▸ Required action:
After finding the line with "Çocuk Beyaz Külotlu" in the entries below, retype exactly each line from there through the line with "range chaussures ...", including that final line.

▸ Excerpted records:
►

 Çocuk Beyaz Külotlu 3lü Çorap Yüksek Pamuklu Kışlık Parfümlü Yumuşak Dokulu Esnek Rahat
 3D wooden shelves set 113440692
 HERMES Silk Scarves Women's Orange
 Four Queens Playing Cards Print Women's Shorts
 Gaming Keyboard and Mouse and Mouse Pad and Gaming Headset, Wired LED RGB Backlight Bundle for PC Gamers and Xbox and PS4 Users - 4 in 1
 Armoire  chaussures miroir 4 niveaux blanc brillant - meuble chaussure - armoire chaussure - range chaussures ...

◄
►

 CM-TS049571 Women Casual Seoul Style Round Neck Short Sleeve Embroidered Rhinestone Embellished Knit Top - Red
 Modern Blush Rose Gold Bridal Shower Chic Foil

◄

▸ Solution to the exercise:
 Çocuk Beyaz Külotlu 3lü Çorap Yüksek Pamuklu Kışlık Parfümlü Yumuşak Dokulu Esnek Rahat
 3D wooden shelves set 113440692
 HERMES Silk Scarves Women's Orange
 Four Queens Playing Cards Print Women's Shorts
 Gaming Keyboard and Mouse and Mouse Pad and Gaming Headset, Wired LED RGB Backlight Bundle for PC Gamers and Xbox and PS4 Users - 4 in 1
 Armoire  chaussures miroir 4 niveaux blanc brillant - meuble chaussure - armoire chaussure - range chaussures ...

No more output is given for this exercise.